Ok, now with that out of the way, I'd like to address several points you have made so far. By pre-torching our coils, we are cleaning them, getting rid of whatever contaminants we may have imparted on the coil with our fingers, whatever was on the wire and the wick. It also oxidizes the wire, adding a layer of carbon.
Now, you can pre-torch a clearo, in a manner of speaking. You simply start off at a lower voltage and pulse the coil, the DRY coil. Then you up the voltage a little, and repeat. It's not hard. This does indeed clean it of whatever those crazy Chinese people may have accidentally imparted on the coil during manufacturing. I'm surprised that you haven't heard of this, you've been vaping the cheap clearos for quite a bit longer than I, and I found several articles regarding this in mere seconds.
If you don't pre-torch your coil, whatever oils that remain on the wire will be vaporized once you take that first puff, no matter what liquid you use. For my example, we'll use PG, as it's the first liquid I looked up, and really, I've wasted enough time debunking you already.

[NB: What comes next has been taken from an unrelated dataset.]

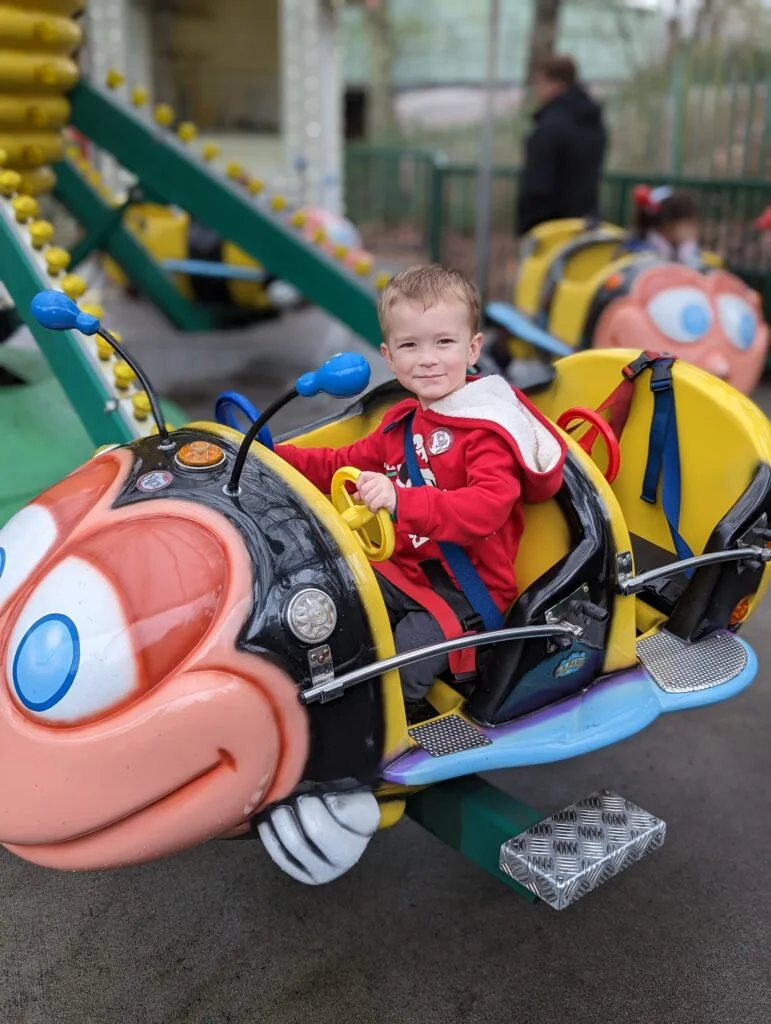 Child riding Busy Bees at Dollywood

PG vaporizes at a temp of 188.2 degrees Celsius (370 degrees Fahrenheit) at atmospheric pressure. It will also vaporize in a vacuum pressure of 0.129mm Hg at 77 degrees Fahrenheit (25 degrees Celsius). Since we're not vaping in a pure vacuum, the second set of temps is pretty much useless, but I've provided them for reference. As for oils, they have something called a "smoke point," the temp where the oil will burn, and turn to smoke. Most oils will hit their smoke point between the temps of 107 degrees Celsius and 271 degrees Celsius, or 225 degrees Fahrenheit and 520 degrees Fahrenheit.
As you can see, whatever oil that is on the wire and wick will be "burned off" within the first puff or two, wet or dry, contrary to what you said in post #9.
Nah, these oils wouldn't burn off at the temperatures the "first few puffs" have, unless your first few puffs are quite dry.
Speaking from personal experience here, I have tried both, not pulsing a new coil, and pulsing it to clean it. Both taste the exact same. The only time when the taste changes is when the heads get old, and poop builds up on the coil, or if I set the power way too high and burn everything in sight.